Complexity and CASs are closely related but distinguishable. Complexity is described as "not simple," complicated, involved, and with many component parts. The assembly of equipment, intravenous tubing, and supplies surrounding an intensive care unit patient is visually complex. However, it is the dense web of human to human, machine to human, and machine to machine interactions that creates a CAS. Complexity, in part, drives the formation of CASs.
Complex adaptive systems yearn for order. When unstable, complex systems adapt and transition to a new state through self-organization and emergence.16 An example is the "work-around" in which staff, dissatisfied with a change, subtlety yet collectively detour around a new process. Care planning is one such instance where the complex nature of a process has historically resulted in self-organization and the emergence of work-arounds. If the forms used are cumbersome and the information collected considered irrelevant, care plans are often completed in a manner that, at most, meets the minimum requirements of regulatory agencies. Care planning approached from this perspective is nonvalue added and amplifies nurses' frustration with growing paperwork demands.
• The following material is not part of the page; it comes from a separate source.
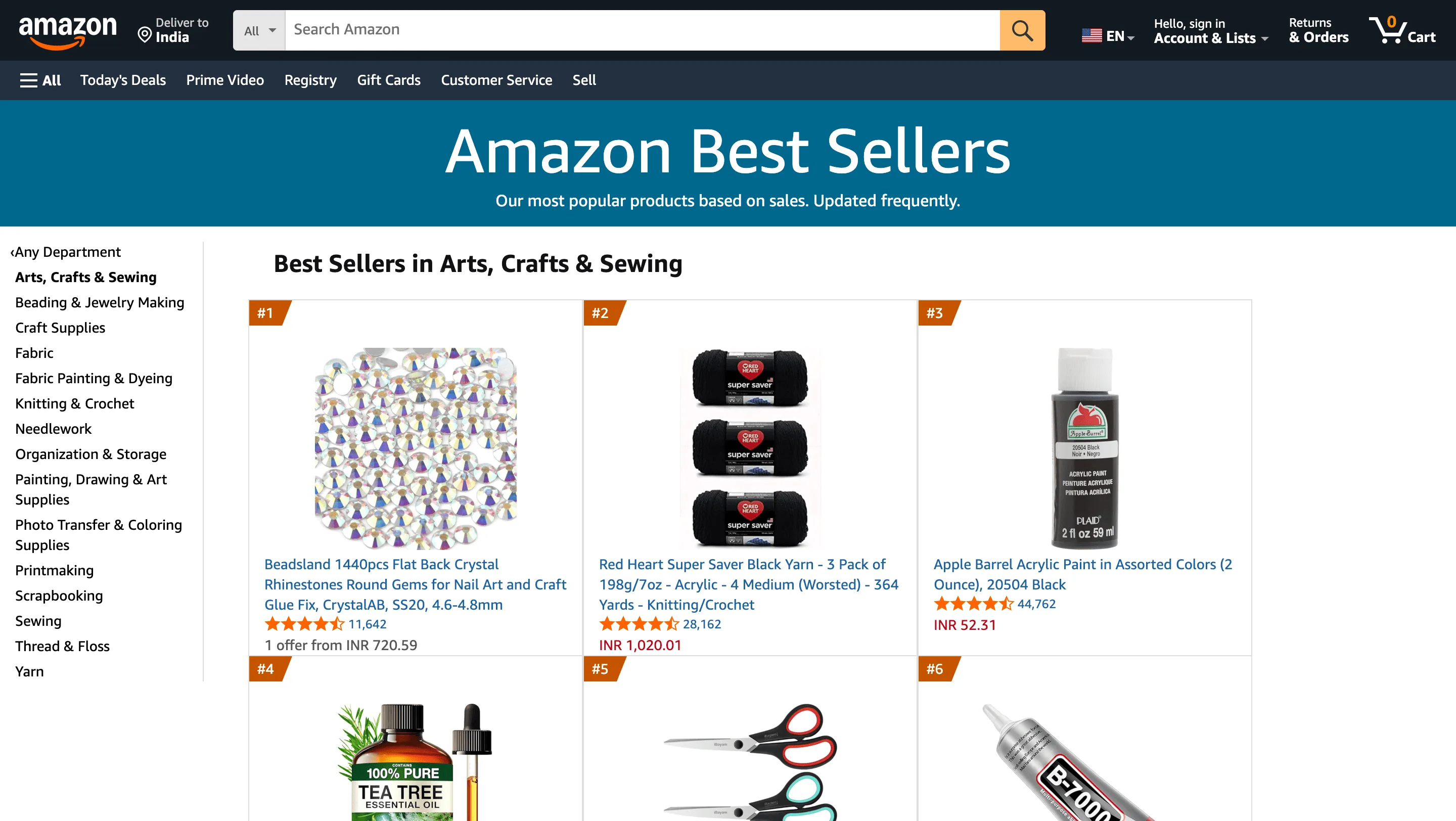 Free Amazon best sellers scraper – Export Data to CSV, Excel & JSON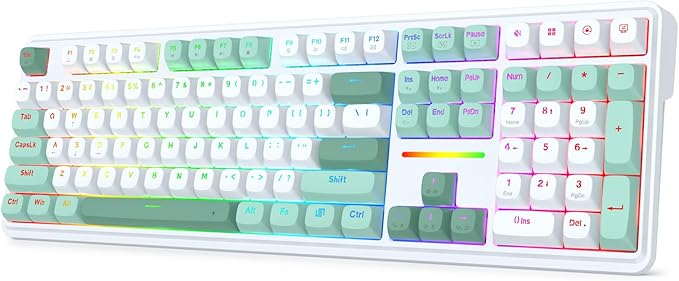 Redragon K745 HE Rapid Trigger Gaming Keyboard, 8K Wired Mechanical Keyboard w/Next-Gen UltraMag 100% POM Silky Magnetic Switch, Dual-Module Floating Patent Structure Design, 5-Layer Noise Dampening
Viewed from a CAS perspective, much of the frustration in care planning is the result of combinatorial explosion. The concept of combinatorial explosion arises when a system is presented with a multitude of potential "states."9,11 A state is a condition, situation, or circumstance at a given time. Patients with heart failure admitted through the emergency room may arrive in an acute state. However, once treatment has been provided, the acute state will likely transition to a stable state. In healthcare the combination of potential states a patient may experience is the driving force behind combinatorial explosion. For example, there are 167 North American Nursing Diagnosis Association (NANDA)22 approved diagnoses. The "state space" for all combinations of NANDA diagnosis is calculated by increasing 2 (either the patient has the diagnosis or does not) to the 167th power. Furthermore, each diagnosis is linked to a variety of signs, symptoms, and etiologies. The result is a near infinite number of potential diagnostic combinations to be considered when formulating a care plan. This is combinatorial explosion.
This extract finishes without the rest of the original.